Es un hecho que en Guatemala el Estado no cumple a cabalidad con sus obligaciones en áreas fundamentales como la educación, la salud, la seguridad y la impartición de justicia. En el caso particular de la Reserva de la Biósfera Maya (RBM) estamos hablando de más de 21 000 kilómetros cuadrados de áreas protegidas, sometidas a gran presión no solo por comunitarios, sino también por actividades económicas de mayor escala que transitan entre lo lícito y lo ilícito al amparo de la corrupción y del desgobierno.
Sin omitir la complejidad de la problemática ambiental y social, en esta ocasión quiero visibilizar una forma de privatización que ha probado ser una vía para la conservación del patrimonio natural y cultural.
Las concesiones a cooperativas no son nuevas. Y si bien las áreas protegidas no han sido vendidas a los concesionarios, estos ejercen un control sobre el territorio y, con un marco normativo, lucran de manera lícita con los recursos del bosque. Al final del día tenemos a personas individuales que viven del bosque, que trabajan duro para tener acceso a mejores condiciones materiales. Y eso, en términos generales, es privatizar la explotación de ciertos recursos.
Por supuesto que no hay impacto cero en esta modalidad. De hecho, es frecuente escuchar que las cooperativas no se apegan a los planes de manejo. Y se las ha acusado de saquear sitios arqueológicos o de talar de manera desmedida.
Pese a lo anterior, cuando he conversado con ambientalistas, percibo un balance positivo respecto a las concesiones. La idea central es que, al haber personas interesadas en proteger su actividad económica a través del bosque, la depredación disminuye y el impacto observado es menor al de otras áreas donde solo el Estado pretende ejercer la función de protección.
A ese respecto conviene agregar que las concesiones en la RBM no cuentan desde su origen con la asistencia técnica adecuada y tampoco responden a efectivos mecanismos de auditoría social o de regulación. De esa cuenta, varias de las cooperativas en la zona han llegado a tener serios problemas administrativos. La buena noticia es que algunos proyectos recientes han demostrado que esas mismas cooperativas, con apoyo técnico, han podido recuperar su rentabilidad y continúan operando.
Por supuesto que el modelo está lejos de ser perfecto. Se necesita aumentar la presencia del Estado como ente regulador y se deben promover instancias de diálogo que contribuyan a la elaboración de planes en los cuales la población tenga participación. De otra forma no habrá condiciones para un desarrollo turístico sostenible y tampoco habrá un aceptable nivel de protección de la biodiversidad.
Un buen ejemplo de lo anterior es la reiterada propuesta para construir un tren que permita acceder al sitio El Mirador. Esta propuesta ha sido impulsada a nivel político por un famoso arqueólogo que ha dedicado su vida a la zona, pero que no es tan querido por ambientalistas y arqueólogos como uno pudiera imaginar.

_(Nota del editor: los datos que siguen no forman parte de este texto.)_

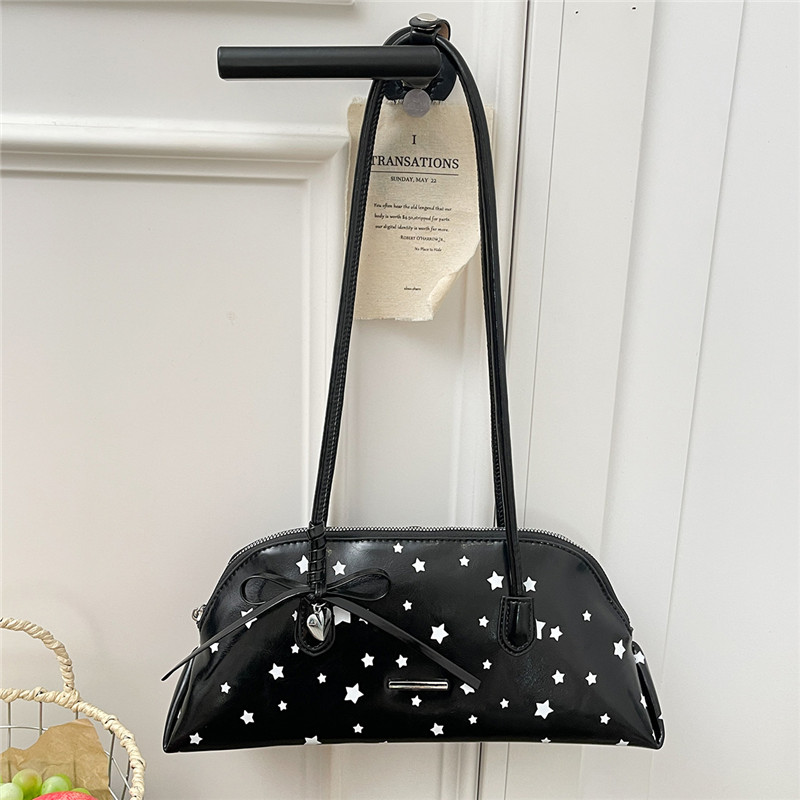Новая сумка-тоут из ПУ с банто – обзор и цена Luxury Bags Affordable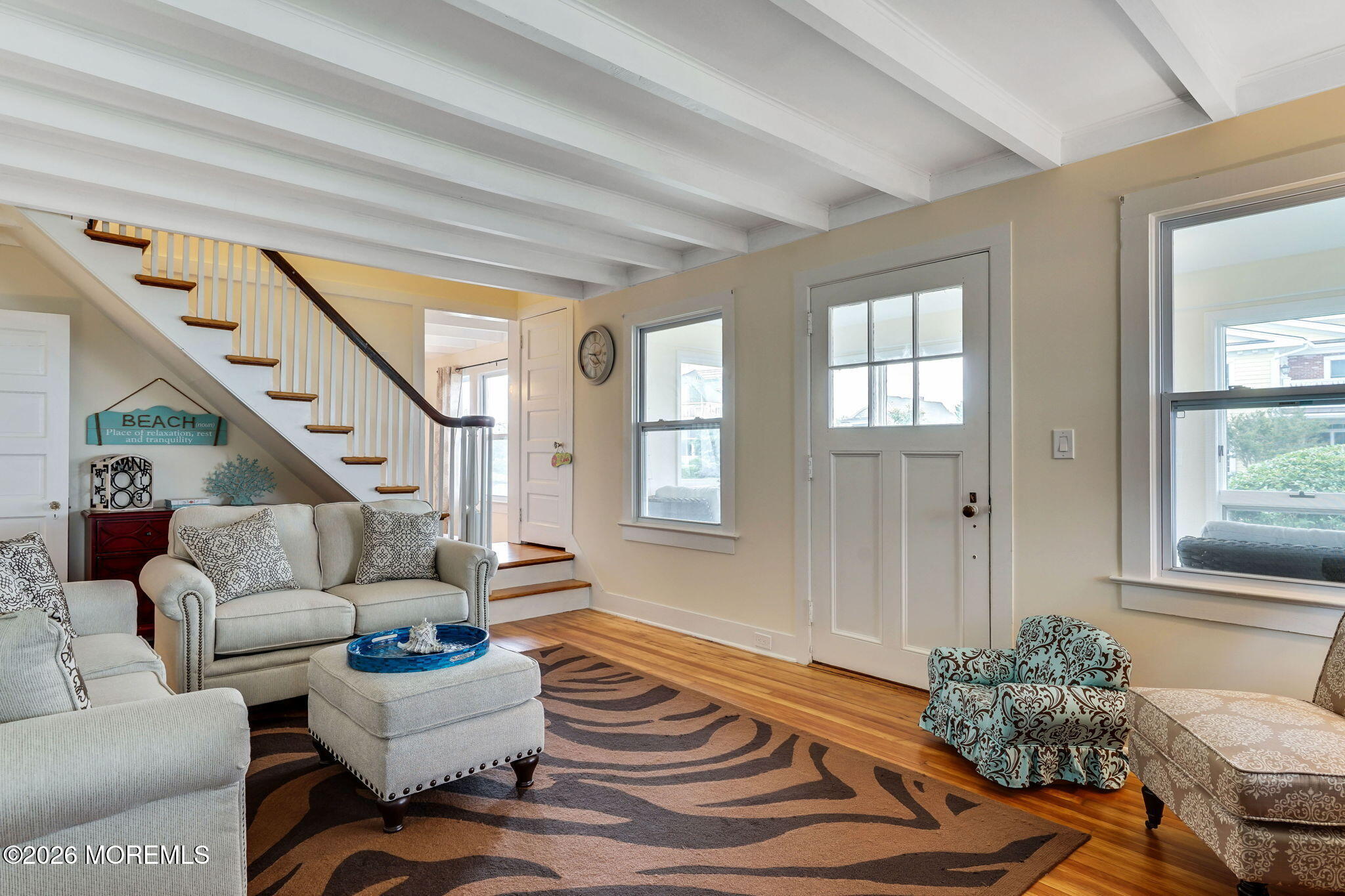 2011 Ocean Avenue N Spring Lake NJ 07762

Y posiblemente una razón por la cual persiste el rechazo a sus proyectos tenga que ver justamente con un discurso sospechosamente impreciso y excluyente de las comunidades de la zona.
Plaza Pública hizo un reportaje sobre este problema hace más de tres años. Y al leerlo parece que hubiera sido escrito la semana pasada.
Asimismo, un estudio reciente cuestiona la viabilidad técnica, ambiental y social del proyecto del tren eléctrico. Y lo que menos nos hace falta en Guatemala es otro proyecto abandonado, en el cual se dilapiden recursos públicos en la construcción o en los intentos de rescatar una propuesta inviable.
En suma, las concesiones a cooperativas son formas de privatización que con regulación y apoyo técnico pueden contribuir a conservar la RBM. Son formas de explotación controlada de recursos y sin duda tienen impacto. Pero aun con ciertos costos ambientales no se produce la destrucción que sí han realizado las empresas privadas agropecuarias en las que el concepto de la privatización es absoluto y orientado únicamente por la acumulación de capital.
Precisamente lo más importante de esta modalidad es que hay un beneficio directo para la gente de la zona. Y eso es justamente lo que no ofrece un tren eléctrico, que estaría pronto en pocas manos, mientras las rutas pedestres en manos de comunitarios sencillamente desaparecerían.
Recuerde entonces que la privatización con un marco regulatorio eficiente también tiene sus bondades. La clave es valorar el balance entre lo privado y lo público, pero sin olvidar que el Estado debe velar por el bienestar de la mayoría. De mi parte, ansío tener libre una semana para poder realizar el recorrido desde la comunidad Carmelita hasta el maravilloso sitio El Mirador.